The kube-scheduler logs will not show these failures. The scheduler only sees pods that passed admission control. To debug, the operator must inspect the ResourceQuota status and the LimitRange configuration. The command kubectl get resourcequota -n <namespace> -o yaml reveals the used and hard values. The command kubectl get limitrange -n <namespace> -o yaml reveals the injected defaults.

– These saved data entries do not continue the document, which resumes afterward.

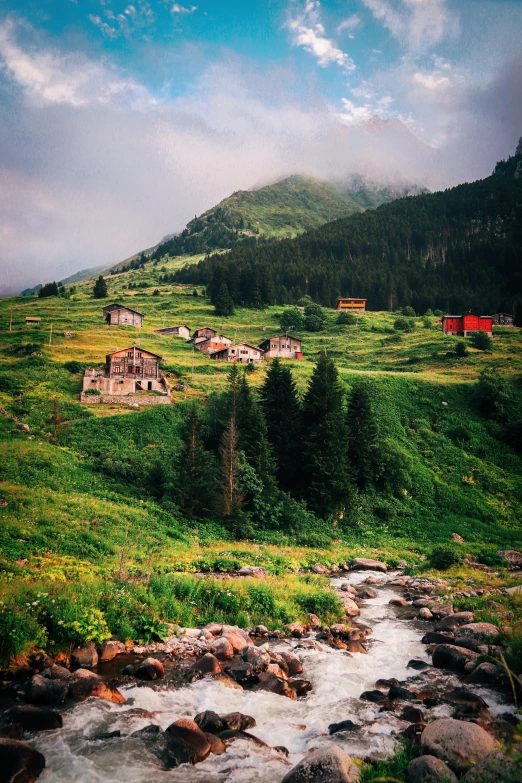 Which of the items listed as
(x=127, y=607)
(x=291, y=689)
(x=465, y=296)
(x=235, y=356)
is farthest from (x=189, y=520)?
(x=465, y=296)

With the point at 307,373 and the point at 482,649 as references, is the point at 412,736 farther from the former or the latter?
the point at 307,373

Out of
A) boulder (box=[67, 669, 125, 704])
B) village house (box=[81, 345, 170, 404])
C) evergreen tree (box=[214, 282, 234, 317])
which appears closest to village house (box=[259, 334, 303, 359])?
evergreen tree (box=[214, 282, 234, 317])

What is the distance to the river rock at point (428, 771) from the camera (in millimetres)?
6746

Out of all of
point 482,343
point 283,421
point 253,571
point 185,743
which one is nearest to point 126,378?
point 283,421

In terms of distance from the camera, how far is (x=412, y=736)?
346 inches

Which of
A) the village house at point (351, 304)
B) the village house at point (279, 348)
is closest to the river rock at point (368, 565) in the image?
the village house at point (279, 348)

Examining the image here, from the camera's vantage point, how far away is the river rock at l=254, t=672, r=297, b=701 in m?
11.3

The discrepancy is often invisible in the Pod spec after creation. The kubectl get pod output shows the final mutated spec, including the injected limits. If the operator does not compare the used quota against the hard limit, they miss the fact that the limits budget is the bottleneck, not the requests budget.

Decision frame

The next time a GPU pod stays Pending with an OutOfQuota event, the investigation must start with the ResourceQuota status, not the node capacity. The question is not whether the cluster has available GPUs, but whether the namespace’s limits budget has been consumed by injected defaults. If the ResourceQuota tracks limits.nvidia.com/gpu and the LimitRange injects a default limit, the quota budget fills up faster than the scheduler’s placement logic anticipates. Align the ResourceQuota hard limits with the LimitRange defaults to prevent the admission layer from blocking valid workloads.